Since only part of the material is needed, please repeat exactly the line that includes "ZENOTTIC 4 Опаковки" and every line after it, up to the last.

————————

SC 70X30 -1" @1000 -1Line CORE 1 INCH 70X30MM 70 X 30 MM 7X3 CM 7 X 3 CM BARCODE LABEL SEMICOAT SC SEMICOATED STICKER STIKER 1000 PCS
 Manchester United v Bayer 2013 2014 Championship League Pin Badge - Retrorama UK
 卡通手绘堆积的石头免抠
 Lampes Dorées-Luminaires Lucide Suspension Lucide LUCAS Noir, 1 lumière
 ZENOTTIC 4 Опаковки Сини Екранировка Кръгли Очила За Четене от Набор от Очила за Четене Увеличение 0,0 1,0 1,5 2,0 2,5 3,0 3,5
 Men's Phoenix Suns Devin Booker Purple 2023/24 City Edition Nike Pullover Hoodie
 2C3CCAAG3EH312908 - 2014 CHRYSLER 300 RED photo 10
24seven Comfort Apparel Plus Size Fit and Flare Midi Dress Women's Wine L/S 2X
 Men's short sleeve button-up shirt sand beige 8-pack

————————

→ OUTPUT BELOW
 ZENOTTIC 4 Опаковки Сини Екранировка Кръгли Очила За Четене от Набор от Очила за Четене Увеличение 0,0 1,0 1,5 2,0 2,5 3,0 3,5
 Men's Phoenix Suns Devin Booker Purple 2023/24 City Edition Nike Pullover Hoodie
 2C3CCAAG3EH312908 - 2014 CHRYSLER 300 RED photo 10
24seven Comfort Apparel Plus Size Fit and Flare Midi Dress Women's Wine L/S 2X
 Men's short sleeve button-up shirt sand beige 8-pack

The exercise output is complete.